Corroborando essa assertiva, Coutinho e Guimarães (2008), no artigo “A representação do povo brasileiro no Jornal Nacional”, defendem que a cultura da mídia, nos seus diversos produtos, contribui para a identificação dos brasileiros como membros da família nacional:

A cultura da mídia articula-se cotidianamente com o contexto sócio histórico no qual está inserida, de forma a legitimar ou contestar ideologias, pensamentos, construções simbólicas, imaginários. Nessa perspectiva

poderíamos entender que os textos midiáticos contribuem para a construção do senso de pertença a uma comunidade nacional, bem como são estratégicos na legitimação ou transformação da memória coletiva que integra a identidade de uma nação (COUTINHO; GUIMARÃES, 2008, p. 2).

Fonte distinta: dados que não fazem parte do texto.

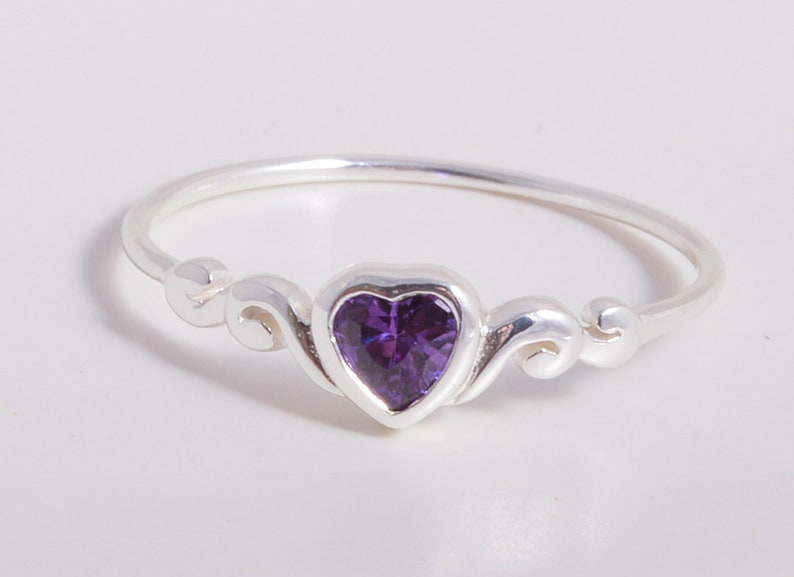 Sterling silver 925 amethyst crystal heart ring P 12
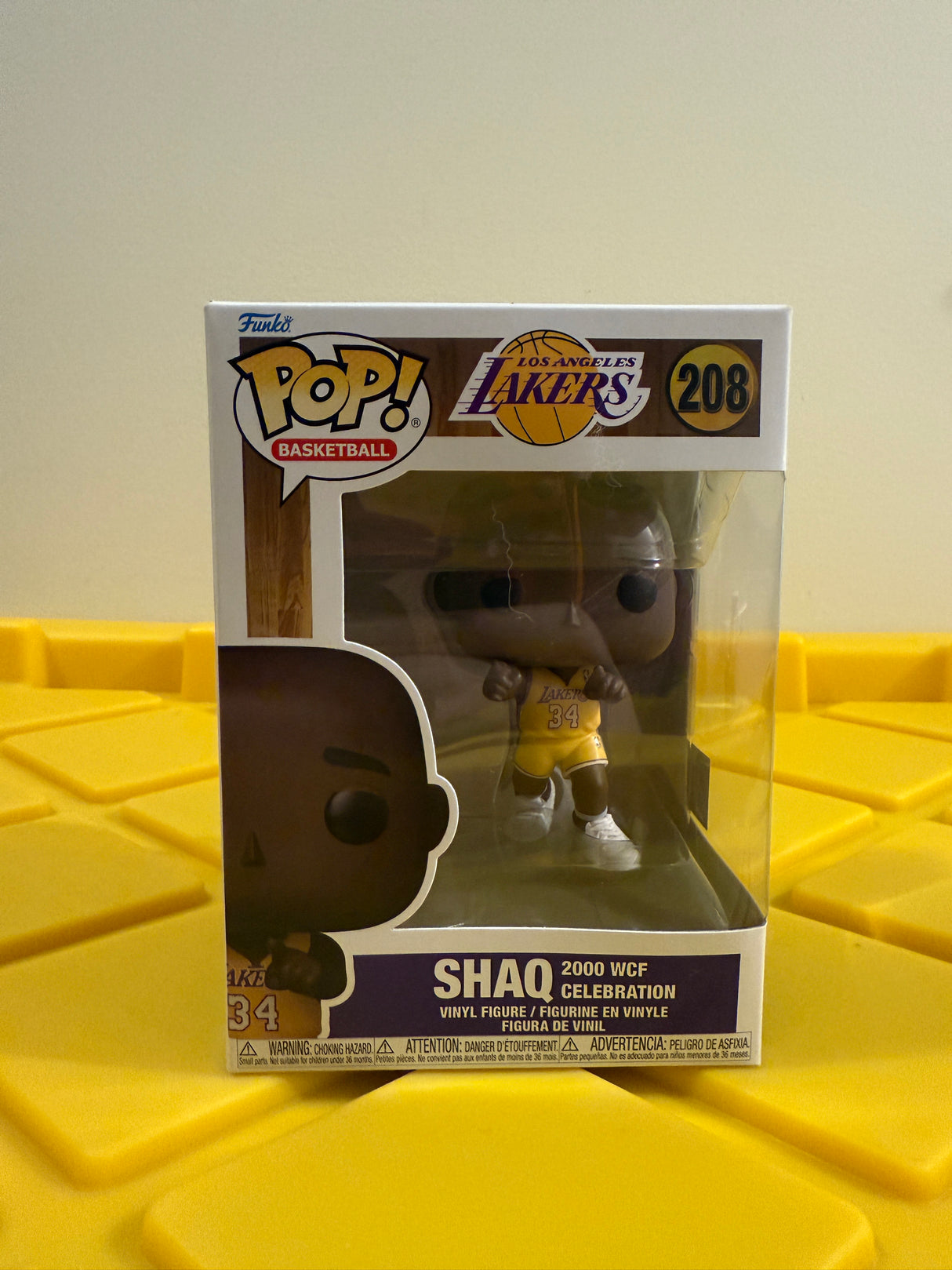 Funko POP! Shaq 2000 WCF Celebration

De acordo com Sá (1998), no que se refere à objetivação, talvez seja mais viável tentar evidenciá-la nos meios de comunicação de massa. Além de constituírem importantes fontes de formação das representações no mundo contemporâneo, é neles — na televisão, em especial — que melhor se configura a tendência à concretização das ideias em imagens. Essa afirmação só confirma o nosso desafio de entender como são construídas as representações sociais do Nordeste no “Jornal Nacional”. Apostamos que o telejornal da Rede Globo é fonte geradora de representações sociais, por isso campo fértil de investigação e significação simbólica para se entender como são construídas as imagens da Região no noticiário televisivo de maior audiência do País.

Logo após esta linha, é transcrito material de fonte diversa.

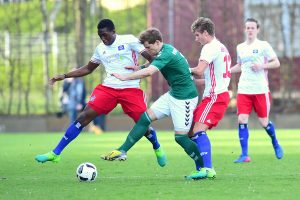 Ronstadt (li.) und Feka (re.) bearbeiten Lübeck-Kicker Andreas Gomig. Foto: KBS-Picture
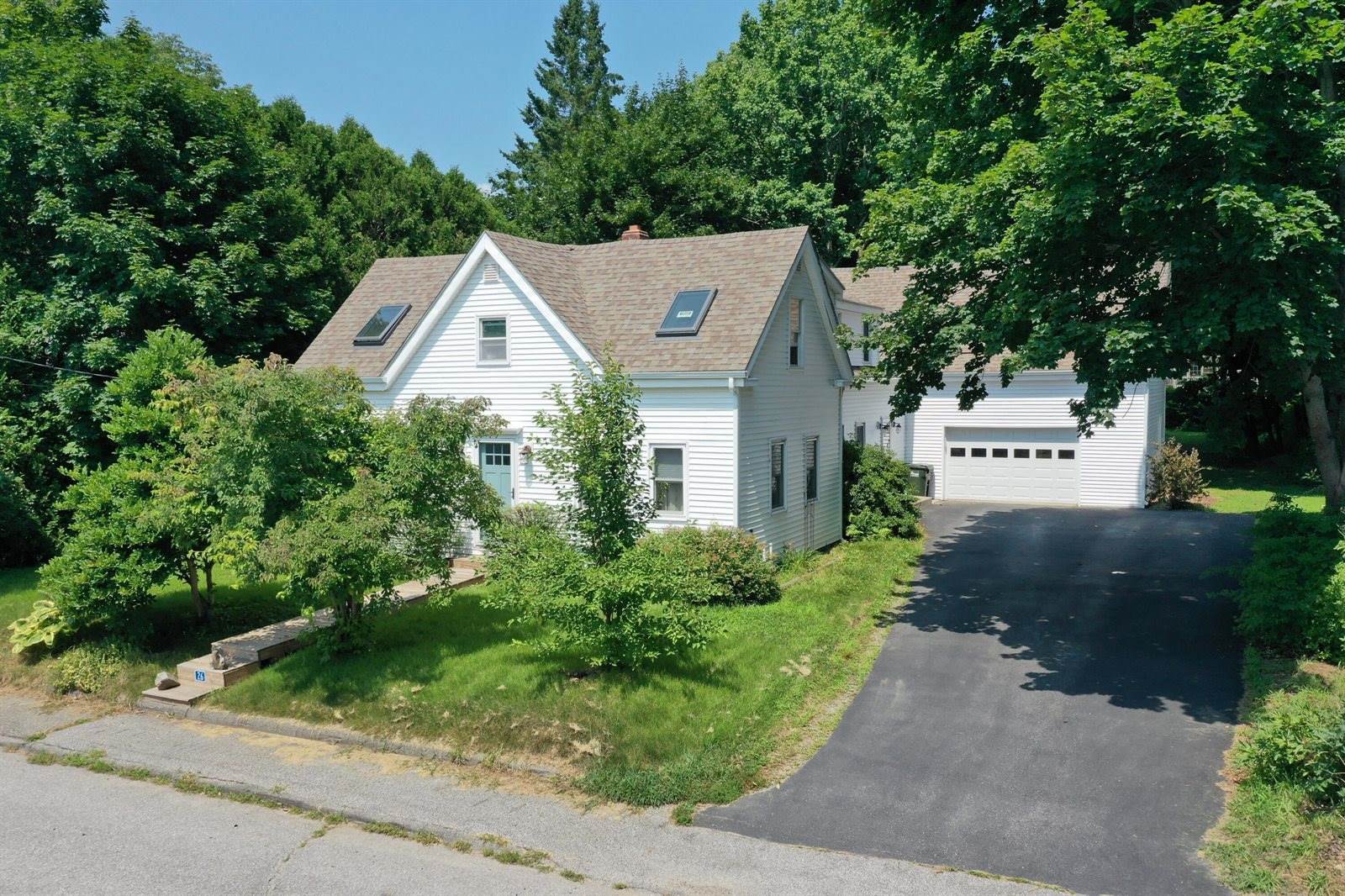 26 Pond Street, Bucksport, ME 04416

Sobre a imagem do Nordeste construída pela mídia, afirma Albuquerque Jr. (2013, p. 20): “A sensação que se tem quando deparamos com o que é mostrado na mídia, ou mesmo fora dela, como sendo a cultura nordestina, é de que o tempo parou para esta região [...]”. Nos capítulos a seguir, detalharemos a representação social do Nordeste apresentada nas reportagens produzidas pelo telejornal da Globo, mas antes faz-se necessário entender como aplicamos a metodologia para chegar às nossas análises.